Postado em 26 Nov 2015 01 06 Textos Anteriores
Querer ser bom, negando o mal, atira-nos
à falsidade da ilusão e seu séquito de
medos, geradores de sofrimentos
por JOMAR MORAIS
A palavra da moda é relativismo. No âmbito da filosofia, trata-se de um termo mais velho que a Sé de Braga, embora só nas últimas décadas tenha adentrado ao debate social de um mundo revolvido pela explosão de conhecimentos e pelo abalo de antigas crenças e padrões. Recentemente, emergiu com força nas redes sociais, em postagens iradas contra os que “relativizaram” os atentados em Paris, confrontando-os com a rotina de dor e mortes provocadas pelo terror em outras partes do planeta sem que tais fatos alcancem na mídia a mesma visibilidade dos ataques parisienses.
O relativismo cognitivo, aquele de que se ocupam os filósofos, nega a possibilidade das ideias absolutas e considera a mutabilidade de nossas percepções e interpretações. Já o relativismo cultural, que inspira e sustenta o debate social, realça a necessidade de reconhecer o valor de cada sistema cultural, na contramão do etnocentrismo e sua oposição a tudo que difere de um determinado ponto de vista.
Deixo aos eruditos a discussão sobre o relativismo cognitivo, aí incluído o argumento de que o relativismo se auto refuta, pois sua adoção implica aceitar também a ideia de que o relativismo é falso.
Como simples jornalista e trôpego militante espiritual, resigno-me em tentar entender a questão olhando para o movimento da vida e para minhas próprias mutações – e isso é bastante para convencer-me de que só a soberba nos faz acreditar que podemos apreender toda a verdade e, assim, transcender a fragilidade da condição humana.
Quando olho para o universo ou mergulho em minhas contradições, não há como não concordar com o rabino e escritor Nilton Bonder, em seu interessante Código Penal Celeste: “A integridade só pode ser vivida na condição de fragmento”.
Nada em nós é absoluto, lembra o autor. E, dessa perspectiva, a vida não é mais vista “como uma entidade, mas como uma função”, dinâmica e vulnerável.
No Gênesis, o dolo de Adão, ao comer da Árvore da Sabedoria – a árvore do bem e do mal – , é querer alcançar o absoluto. Para isso, ele tenta separar o bem do mal, mas, ao iniciar a sombra como uma entidade arrancada do objeto que lhe dá origem, faz nascerem o impulso ao mal e o desejo de ser bom, também fonte de transtornos e perversões.

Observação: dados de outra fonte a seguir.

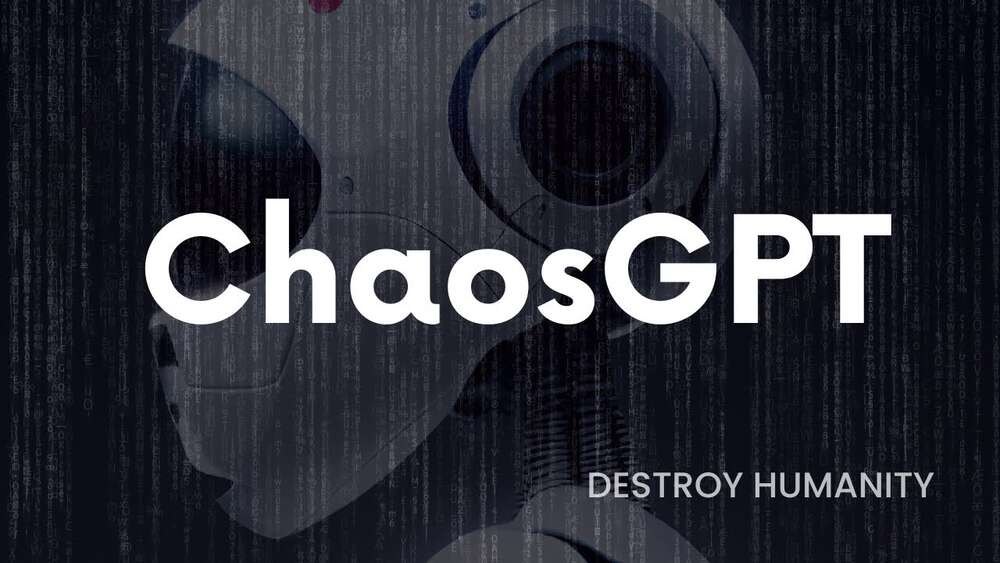 ChaosGPT - Botti, joka käskettiin tuhoamaan ihmiskunta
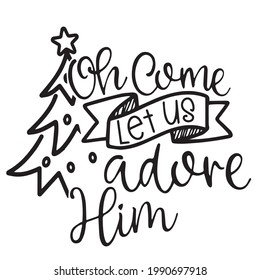 oh come let us adore him logo inspirational positive quotes, motivational, typography, lettering design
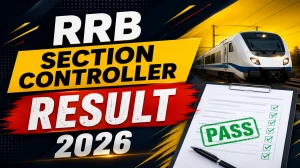 RRB Section Controller Result 2026 OUT (Direct Link) - Download Scorecard @ rrbapply.gov.in RRB Section Controller Result 2026 OUT (Direct Link) - Download Scorecard @ rrbapply.gov.in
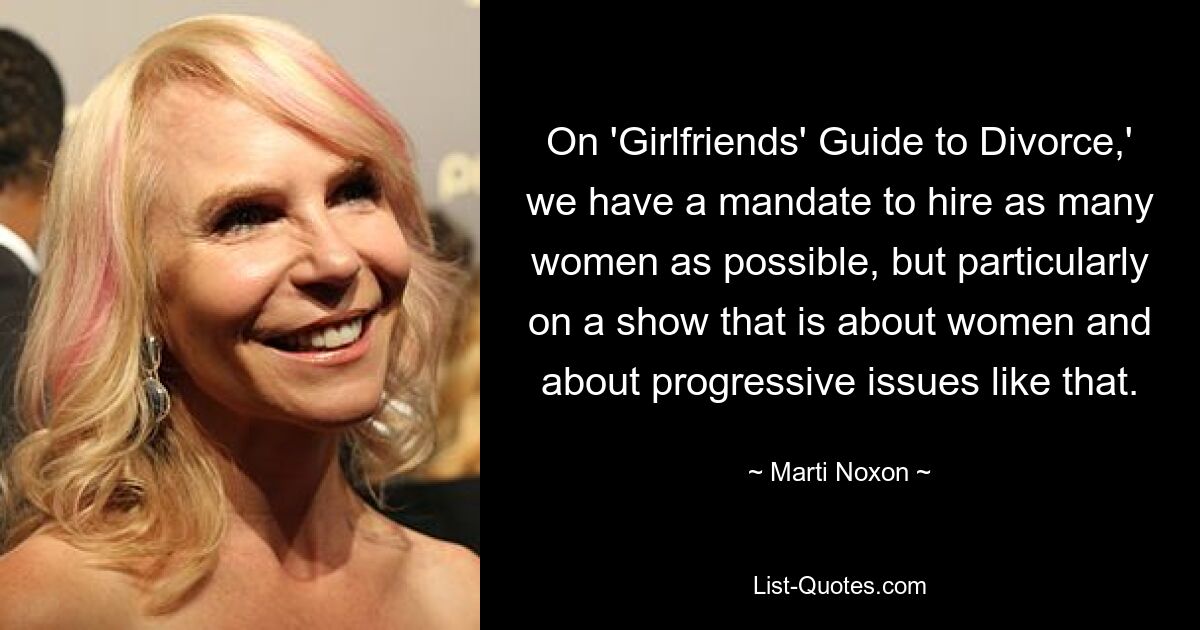 On 'Girlfriends' Guide to Divorce,' we have a mandate to hire as many women as possible, but particularly on a show that is about women and about progressive issues like that. — © Marti Noxon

Querer ser bom, negando o mal (uma visão absoluta), demonstra a incapacidade de aceitar-se como fragmento e atira-nos à falsidade da ilusão e seu séquito de medos. E, como diz Bonder, evocando o rabino Pinchas de Koretz, “quando uma pessoa tem medo de alguma coisa, ela é subjugada a essa mesma coisa”.
Percebendo-se maus, muitos homens se tornam capazes de fazer o bem, como demonstram as sagas de inúmeros santos. Mas a intenção do absoluto e da bondade pode resultar em intolerância e atrocidades, como provam a História e a atualidade humanas.
A paz e o bem, penso, pedem humildade e esta nos conduz, primeiro, à aceitação de nossa condição de parte (fragmento) da grande Vida, vulnerável no eterno movimento do cosmos.